• _What needs to be done_
Would you please give the entries again word for word, with no images in your copy?

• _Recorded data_
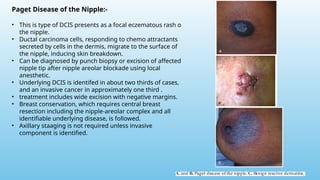 Comprehensive Overview of Breast Diseases: Diagnosis and Management | PPTX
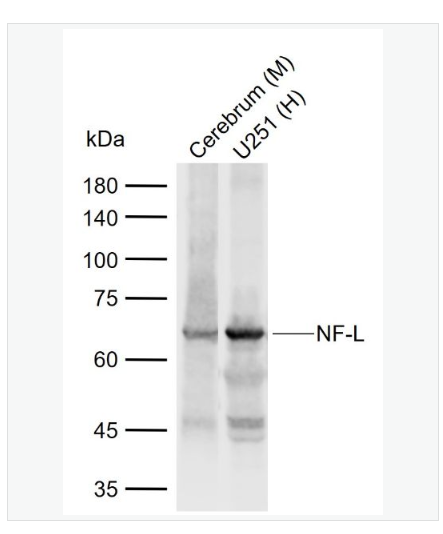 Anti-NF-L  antibody-低分子量神经丝蛋白抗体,NF-L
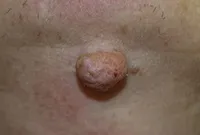 Excrescente pe piele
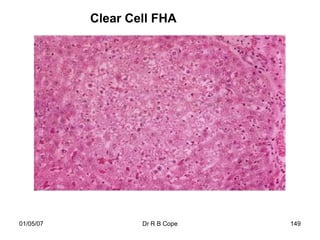 Clear Cell FHA




01/05/07           Dr R B Cope   149
 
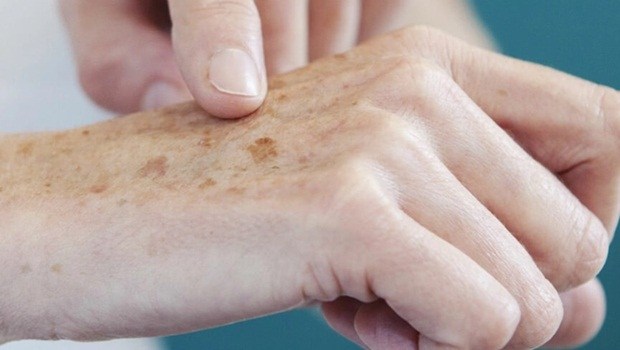 Uma lesão, ferida ounódulo na pele que apresenta a evolução lenta. Atenção, você pode estar diante de um caso de câncer de pele.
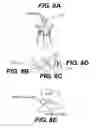 Fig. 07 - Apparatuses and methods for cutting a tissue bridge and/or removing a heart valve clip or suture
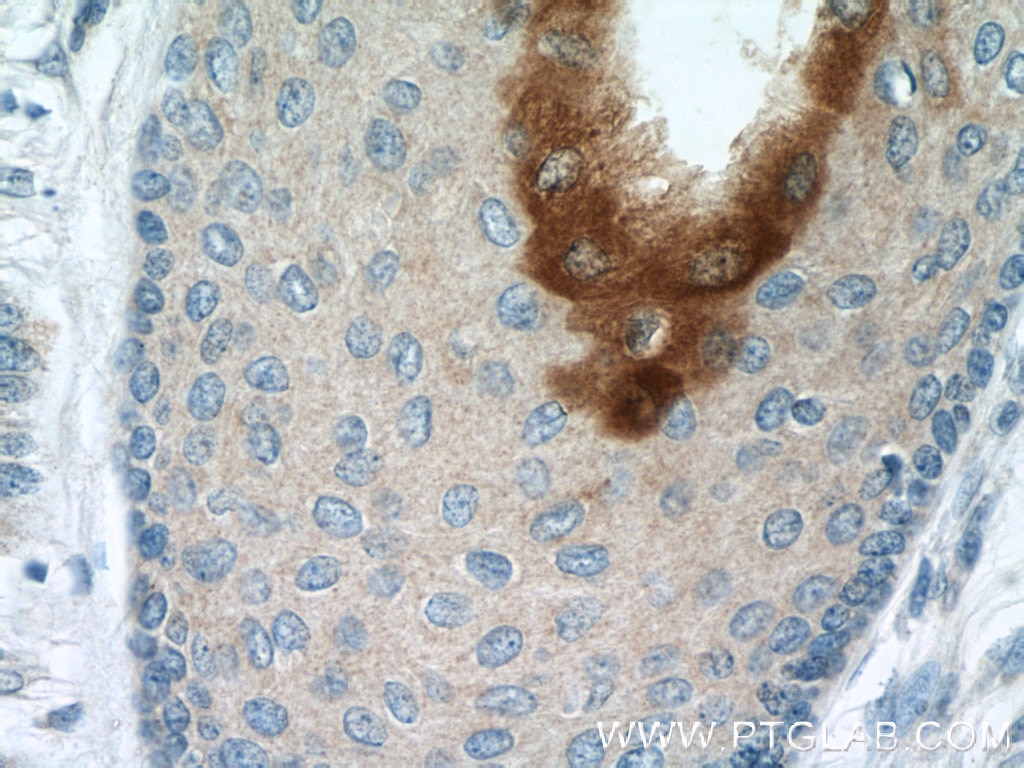 Immunohistochemistry (IHC) staining of human skin cancer tissue using Elafin/Skalp Polyclonal antibody (15963-1-AP)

• _Output for this task_
 Comprehensive Overview of Breast Diseases: Diagnosis and Management | PPTX
 Anti-NF-L  antibody-低分子量神经丝蛋白抗体,NF-L
 Excrescente pe piele
 Clear Cell FHA




01/05/07           Dr R B Cope   149
 
 Uma lesão, ferida ounódulo na pele que apresenta a evolução lenta. Atenção, você pode estar diante de um caso de câncer de pele.
 Fig. 07 - Apparatuses and methods for cutting a tissue bridge and/or removing a heart valve clip or suture
 Immunohistochemistry (IHC) staining of human skin cancer tissue using Elafin/Skalp Polyclonal antibody (15963-1-AP)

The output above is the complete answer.